Mismatched values are no longer published as null values in CSV outputs

In prior releases, when a file was published in CSV format, any values that were mismatches for a column's data type were written as null values, which could lead to loss of data that was meaningful to downstream systems.

Beginning in this release, mismatched values are written out in CSV format as String values by default.

Note

The ability to write out mismatched values in CSV outputs is enabled by default in new flows and CSV publishing actions. For existing CSV outputs, the prior behavior is maintained.

Note

This capability applies only to CSV outputs at this time. In the future, it will be applied to other non-schematized outputs, such as JSON.

Tip

When visual profiling is enabled, you can still identify the values in the generated results that are mismatched for their column data types.

As needed, you can configure the ability to write out mismatches for CSV outputs for individual publishing actions. For more information, see File Settings.

Release 8.2

None.

Release 8.0

Data type inference and row split inference run on more data

When an dataset is imported into the Trifacta Application, a larger volume of data is read from it for the following processes:

Note

The following is applied to datasets that do not contain schema information.

  • Split row inference: Patterns in the data are used to determine the end of a row of data. When a larger volume of data is read, there should be more potential rows to review, resulting in better precision on where to split the data into separate rows in the application.

  • Type inference: Patterns of data in the same column are used to determine the best Alteryx data type to assign to the imported dataset. A larger volume of data means that the application has more values for the same column from which to infer the appropriate data type.

Note

An increased data volume should result in a more accurate split row and data type inferencing. For pre-existing datasets, this increased volume may result in changes to the row and column type definitions when a dataset is imported.

Tip

For datasets that are demarcated by quoted values, you may experience a change in how columns are typed.

If you notice unexpected changes in column data types or in row splits in your datasets:

  1. Type inference: You should move your recipe panel cursor to the top of the dataset to see if you must reassign data types.

  2. Split row inference: Create a new imported dataset, disabling type inference in the import settings. Check the splitrows transform to see if it is splitting the rows appropriately. For more information, see Import Data Page.

Release 7.5

PII - Improved matching for social security numbers

In prior releases, Personally Identifiable Information (PII) for social security numbers was identified based only on the length of values, which matched too broadly.
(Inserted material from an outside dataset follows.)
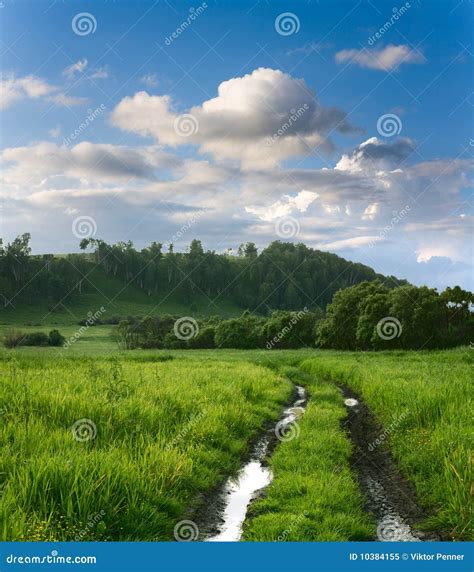 Landscape and cloudy sky stock image. Image of farm, field - 10384155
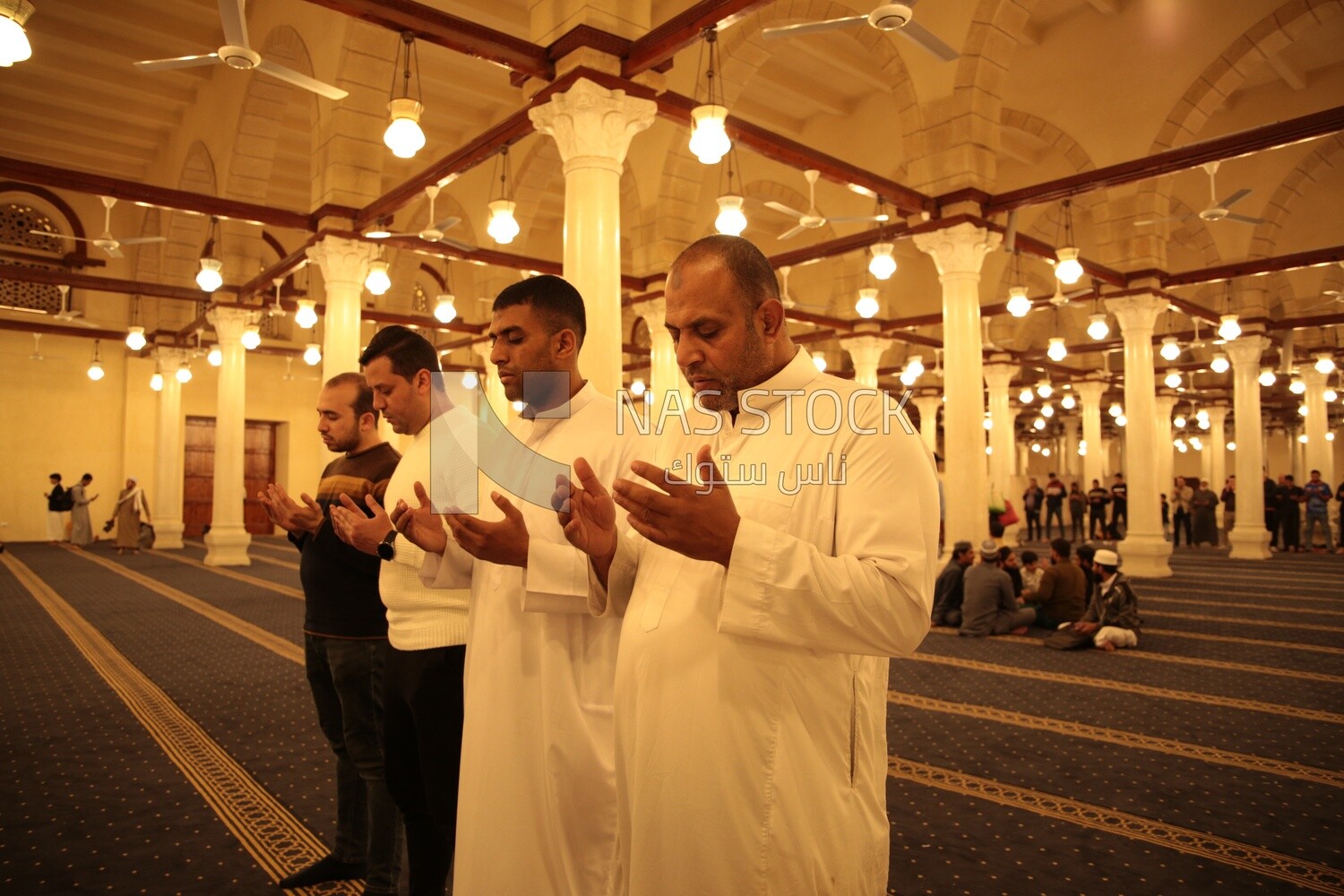 Worshipers praying in a mosque, performing the obligatory prayer in the mosque, worship and draw close to God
In this release, the constraints on matching of SSN values has been tightened when applied to PII.

Tip

PII detection is applied in generated log entries and in collaborative suggestions. When matching PII patterns are detected in data that is surface in these two areas, a mask is applied over the values for security reasons.

For more information, see Social Security Number Data Type.

For more information, see Data Type Validation Patterns.

PII - Improved and expanded matching for credit card numbers

In prior releases, PII for credit card numbers was identified base on 16-digit values.

In this release, the matching constraints have been expanded to include 14-digit credit card values.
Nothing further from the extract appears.